* [Task goal] Look below for the line with "Scicon Occhiali Sportivi"; begin the copy there and stop after the line with "MSGM Cotton T-shirt - Blue", keeping the text exact and the pictures out.

* [Data shown]
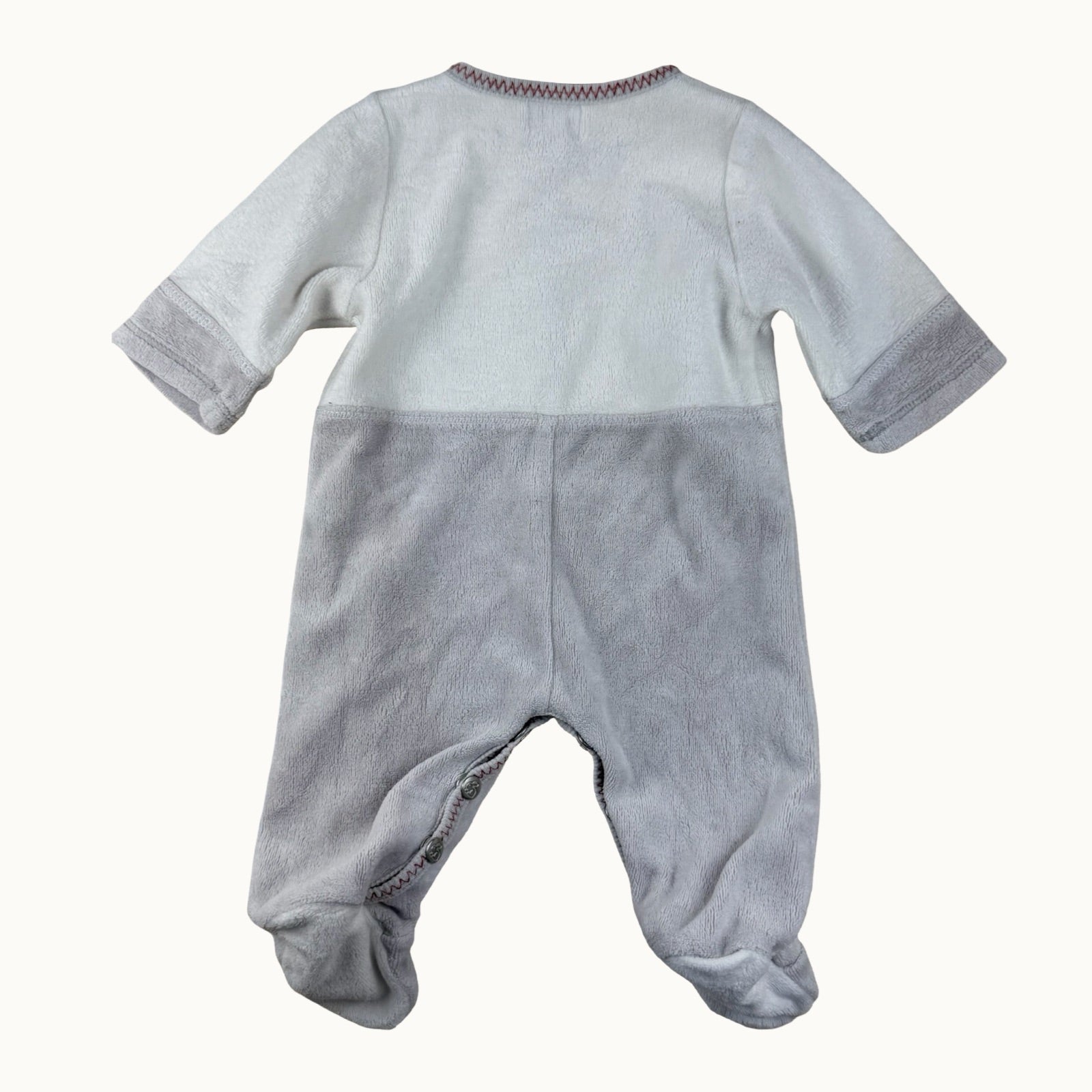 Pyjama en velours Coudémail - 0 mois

--

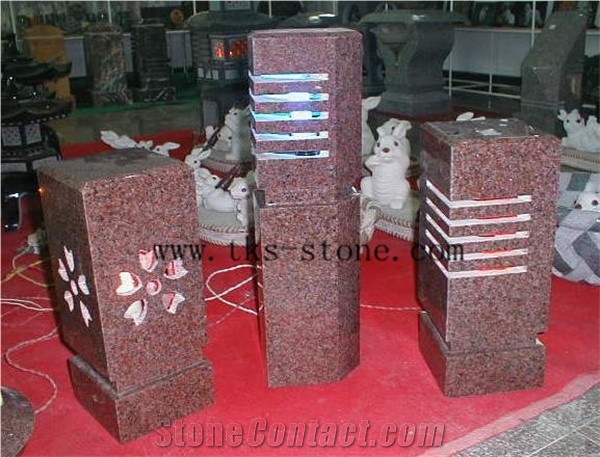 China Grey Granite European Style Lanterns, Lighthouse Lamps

...

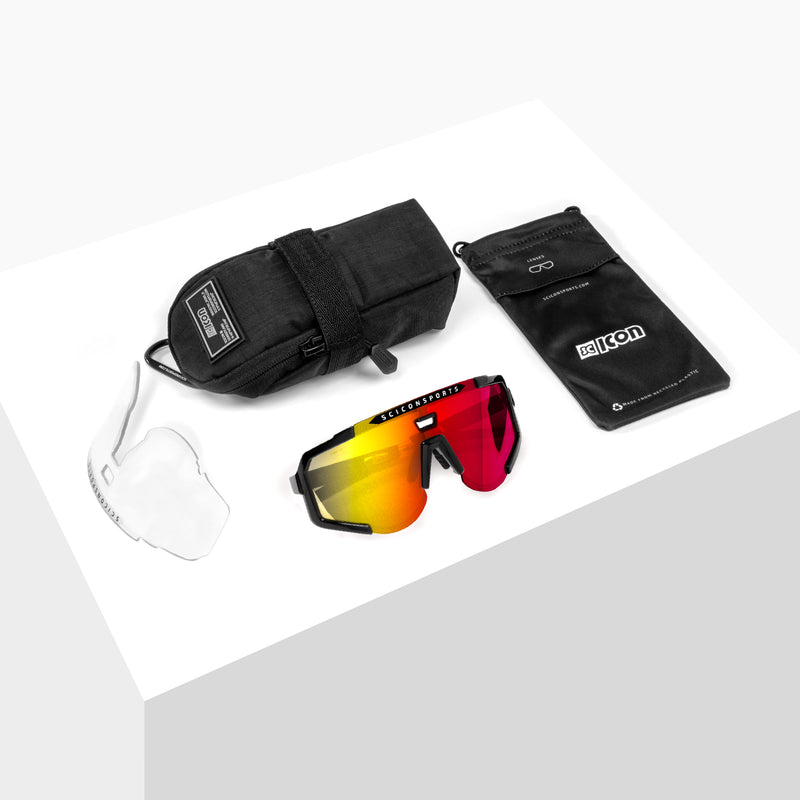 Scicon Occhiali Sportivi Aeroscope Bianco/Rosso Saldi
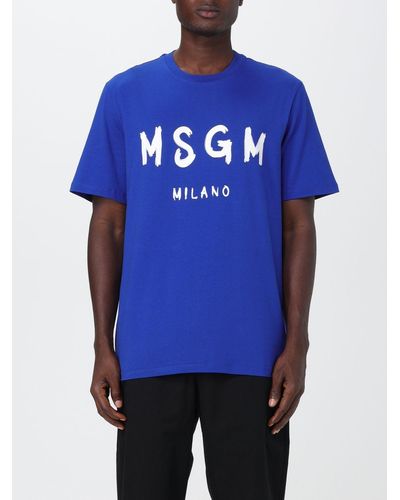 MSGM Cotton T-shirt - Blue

* [Task answer]
 Scicon Occhiali Sportivi Aeroscope Bianco/Rosso Saldi
 MSGM Cotton T-shirt - Blue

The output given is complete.